Synthesis Pathway of Layered-Oxide Cathode Materials for Lithium-Ion Batteries by Spray Pyrolysis
Manar Almazrouei, Sulki Park, Maurits Houck, Michaël De Volder, Simone Hochgreb, Adam Boies
Abstract
High Resolution Image Download MS PowerPoint Slide We report the synthesis of LiCoO 2 (LCO) cathode materials for lithium-ion batteries via aerosol spray pyrolysis, focusing on the effect of synthesis temperatures from 600 to 1000 °C on the materials’ structural and morphological features. Utilizing both nitrate and acetate metal precursors, we conducted a comprehensive analysis of material properties through X-ray diffraction (XRD), Raman spectroscopy, thermogravimetric analysis (TGA), and scanning electron microscopy (SEM). Our findings reveal enhanced crystallinity and significant oxide decomposition within the examined temperature range. Morphologically, nitrate-derived particles exhibited hollow, spherical shapes, whereas acetate-derived particles were irregular.
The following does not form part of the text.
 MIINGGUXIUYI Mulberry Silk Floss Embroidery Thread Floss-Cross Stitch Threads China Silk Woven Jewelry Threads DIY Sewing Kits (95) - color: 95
Guided by high-temperature X-ray diffraction (HT-XRD) data, the formation of a layered LCO oxide structure, with distinct spinel Li 2 Co 2 O 4 and layered oxide LCO phases was shown to emerge at different annealing temperatures. Optimally annealed particles showcased well-defined layered structures, translating to high electrochemical performance. Specifically, nitrate-based particles annealed at 775 °C for 1 h demonstrated initial discharge capacities close to 179 mAh/g, while acetate-based particles, annealed at 750 °C for 3 h, achieved 136 mAh/g at a 0.1 C discharge rate. This study elucidates the influence of synthesis conditions on LCO cathode material properties, offering insights that advance high throughput processes for lithium-ion battery materials synthesis.